We are all Pawns #1 - Arrival

Vera Wylde and Jessie Gender take up residence in the Village wherein can be found "The Prisoner."  Episode 1, Arrival - A mysterious man resigns from a high level position for unclear reasons, only to then find himself in "the village."

Comments

Rhiannon M

I'd hesitate in agreeing with Jessie that this is an anti-fascist piece of art. The themes of this show are couched in so many overlapping layers of metaphor and in medias res dialogue that it can be difficult to tease out anything beyond a general terror and distrust of the surveillance state in all its varied forms. (A more recent version of this show would probably look something similar to Person of Interest, another otherwise interesting entry from the regrettable Jim Caviezel oeuvre). I've seen some arguments that because of the communal nature of the village and the time period in which this came out that this show was written to Capitalize (in multiple meanings of the word) on the terror in the western imagination of the Stasi / the KGB / any oppressive police force which 'naturally' attended any socialist state or any state that was even thinking about implementing socialist reforms. So from that perspective, the Prisoner *might* be considered as something of a cautionary tale if the UK elected the 60s equivalent of Jeremy Corbyn. I'm not sure how much I buy that argument, but I certainly can't dismiss it either. The CIA has demonstrably false-flagged much less subtle propaganda both before and after this show was aired, so you never know. But I *do* like Jessie's trans reading of the lead and of the pains to which the village goes to try and deadname him at every turn.

UlvenAspiration

Wait, what about the guidelines means you can't talk about babylon 5?

Anonymous

Interestingly, the lyrics to the theme song for McG's earlier series, "Secret Agent", include the line "They've given you a number and taken away your name".

Anonymous

I just realized that I have a connection to this series, of sorts. A friend of mine owns (or owned, I haven't seen it in a few years) the same type car used in the opening credits: a Lotus Seven. It is indeed a "tiny car", very low to the ground, as Jessie observed. My friend got a personalized license plate for her car reading "NOT A KIT" because, according to Wikipedia, "The Lotus Seven design has spawned a host of imitations on the kit car market, generally called Sevens or Sevenesque roadsters." Unfortunately, I haven't had the opportunity to ride in her car, which is probably for the best, since I would need a crane to get out of it.

Scuzzbopper

Love that you're doing The Prisoner.
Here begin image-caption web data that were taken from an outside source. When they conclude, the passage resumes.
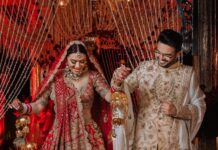 Hansika Motwani Instagram - Now&forever ❤️ 4.12.2022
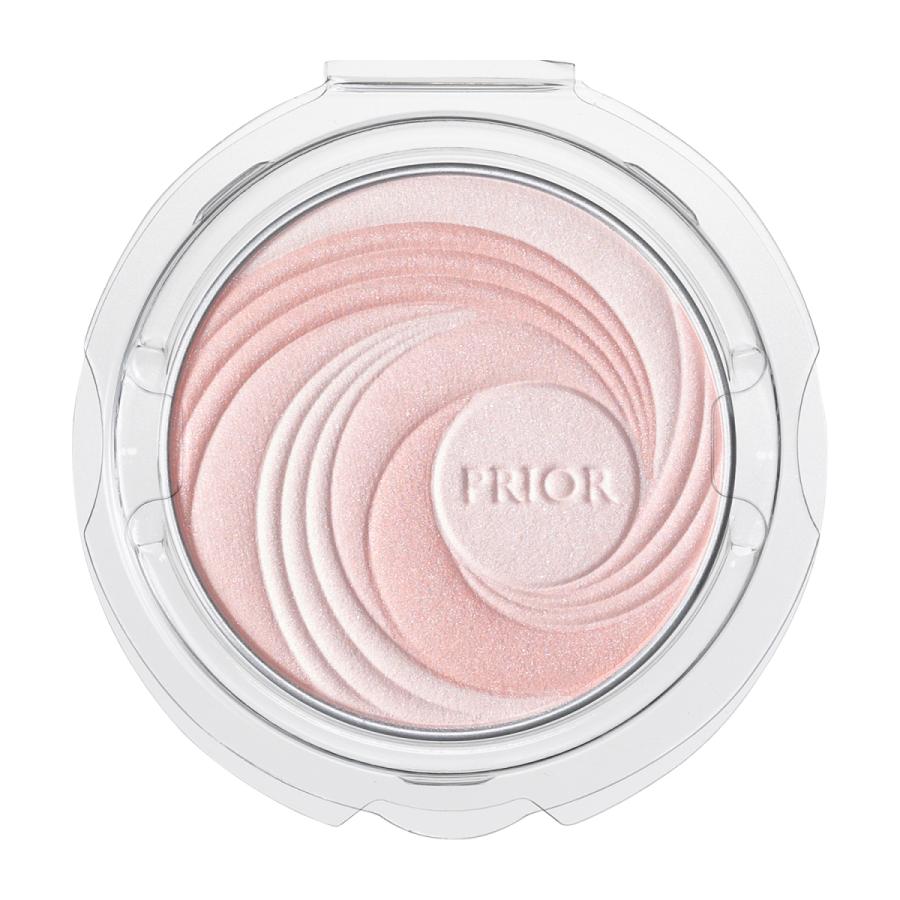 プリオール 美つやアップおしろい レフィル ピンク SHISEIDO 02498 | SHISEIDO | 02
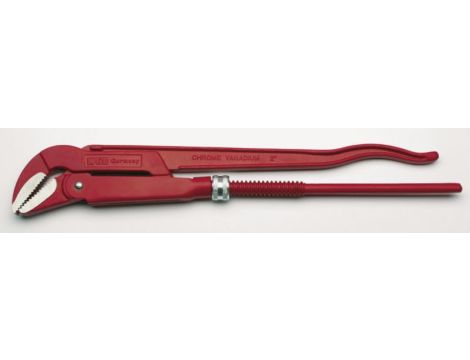 KLUCZ DO RUR 1.1/2" 45° 420MM /WGB/
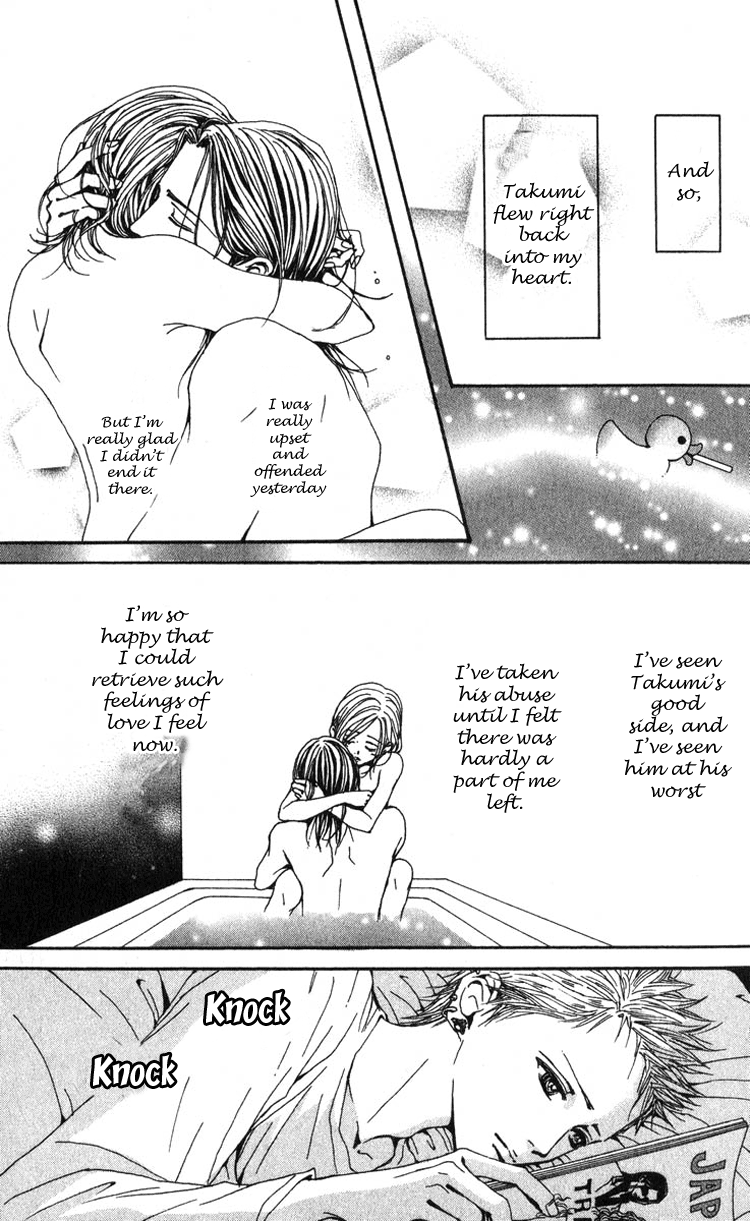 Read Nana Manga Online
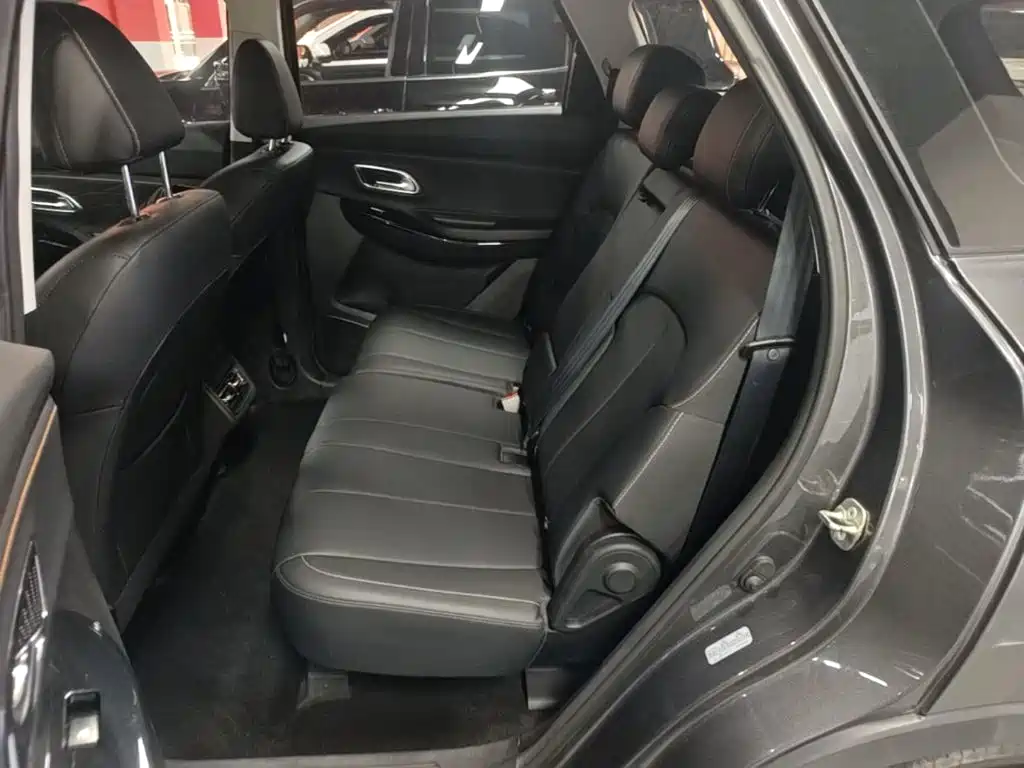 Changan Oshan X7 PLUS 2023 2023 Enjoy Edition 1.5T Auto Premium 7-Seater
If I remember right, The Village was (still is?) a (real-world) resort in north Wales (UK).

Xenaboy

I remember when the Prisoner was first shown on American television in the summer of 1968. I was way too young to appreciate it's subtleties, just old enough to remember that I saw it. Patrick McGoohan had previously done the series, Danger Man, released here as Secret Agent. In it, he played John Drake, a government agent. I'm told he circumvented the rules, questioned authority, and the morality and ethics of things, didn't kill people he was told to kill, etc. One huge theory at the time of "The Prisoner" was that this was the same character. McGoohan was criticized for turning down the role of James Bond, then doing a copycat character. But it was more of a parody or dissection of James Bond that he did. I had a college Literature professor who considered it the greatest television series ever made. Such great presentation. "I had my reasons for quitting". "What were they?" "I just told you. MY reasons!"